I follow Annika’s Tumblr, but I hadn’t seen this article, written nearly a year ago, until last night. Here’s some of my thoughts, which I had posted to my Facebook Timeline last night:
I find Autostraddle problematic for a number of reasons, but I suppose Annika is pretty OK. If nothing else, she’s living the life, walking the walk, and talking the talk. So much of this resonates with me. I hope that you will read it, thinking about how it is for some of us in this world.
“It wasn’t always this way…I never needed to be as aware of my surroundings as I do now. I didn’t have to think twice before walking by myself at night.

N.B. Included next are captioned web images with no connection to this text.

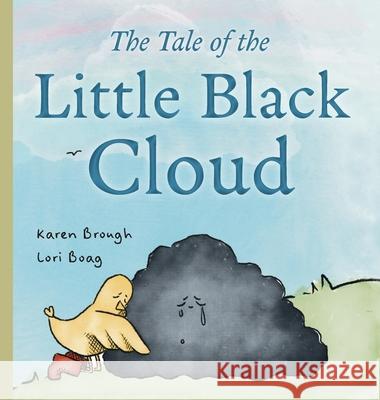 The Tale of The Little Black Cloud: A Heartfelt Children's Sadness Book on Friendship, Healing, and Emotional Resilience Karen Brough Lori Boag 9781922967121
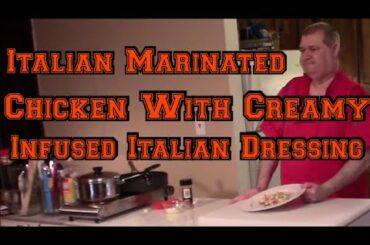 Italian Marinated Chicken With Creamy Infused Italian Dressing and Mashed Potatoes & Veggies #283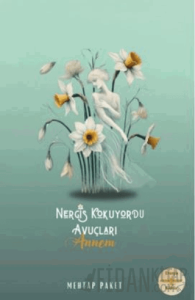 Nergis Kokuyordu Avuçları
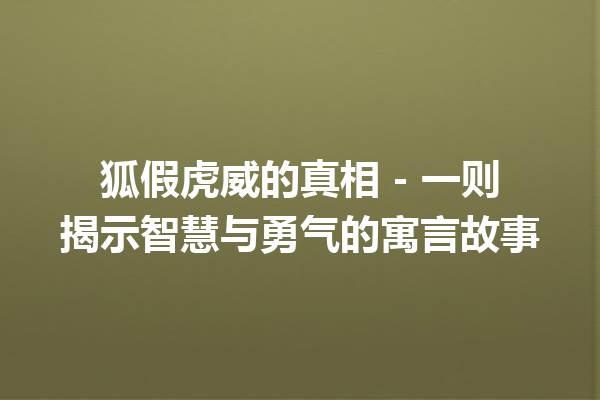 狐假虎威的真相 – 一则揭示智慧与勇气的寓言故事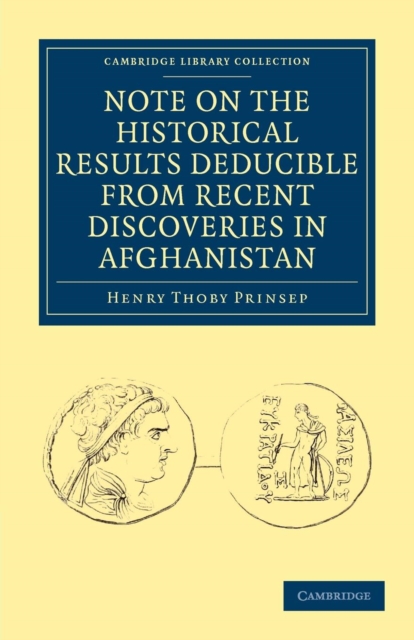 Note on the Historical Results Deducible from Recent Discoveries in Afghanistan, Paperback / softback Book
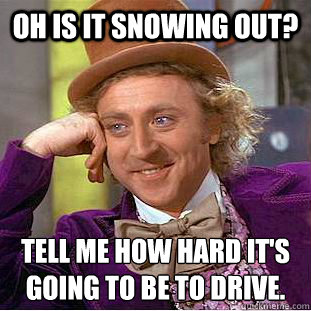 Oh is it snowing out? Tell me how hard it's going to be to drive.
  Psychotic Willy Wonka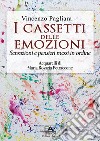 I cassetti delle emozioni. Sensazioni e pensieri messi in ordine. Ediz. illustrata libro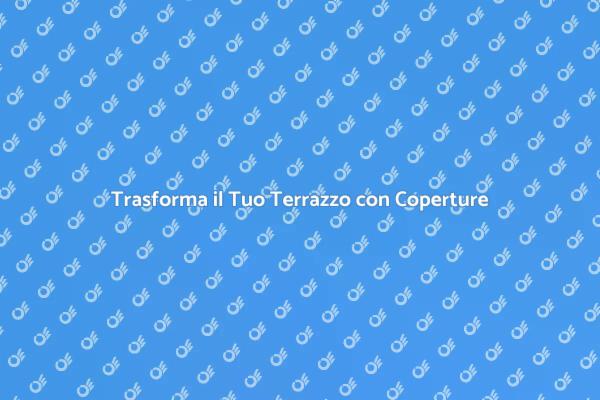 Valorizza il Tuo Terrazzo con Coperture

I could go out to a bar without worrying about unwanted advances from strangers.”
“I’m not always subjected to overt sexual advances, but there’s never a day where I don’t get stared at…I’m learning from first-hand experience that women in our society, in particular those whose presentation is femme, are much more visible in public…It’s especially unnerving when I’m feeling anxious and I can’t determine what the stares mean.”

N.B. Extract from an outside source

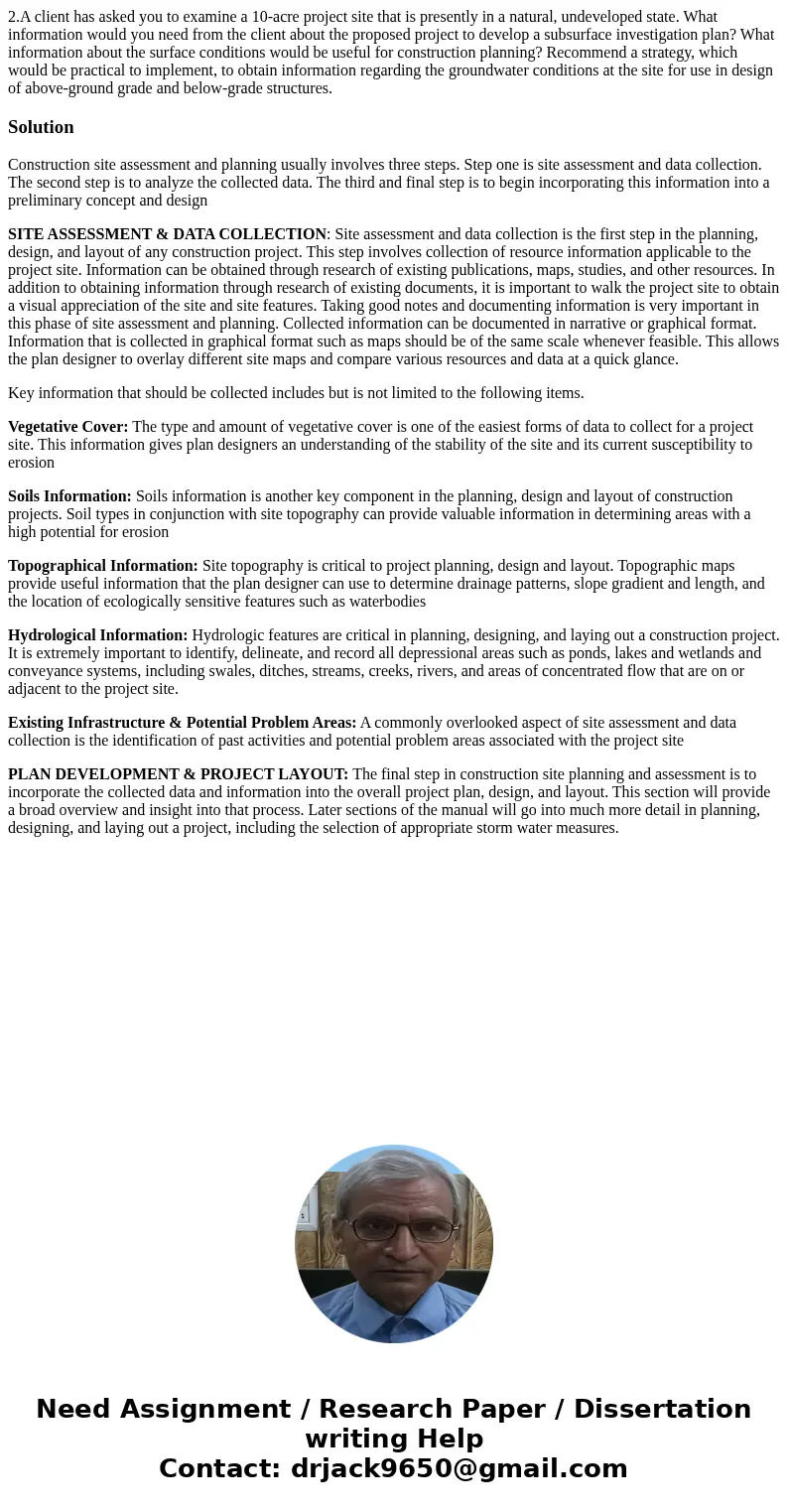 2.A client has asked you to examine a 10-acre project site that is presently in a natural, undeveloped state. What information would you need from the client a  2.A client has asked you to examine a 10-acre project site that is presently in a natural, undeveloped state. What information would you need from the client a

“What really bothers me, however, is how much of an effect that male attention has on my mood and self-esteem, especially because I’m not even attracted to men. I dress and present the way I do because it feels comfortable and comes naturally to me. I certainly don’t do it to seek the approval of the male gaze. But I’d be lying if I said that I don’t feel flattered when guys hit on me. I’m not exactly sure why. Maybe it’s a case of internalized heterosexism. It could be that it feels validating on some level, after years of hating my body and watching the boys my age obsess over the girls who I wanted so desperately to be.”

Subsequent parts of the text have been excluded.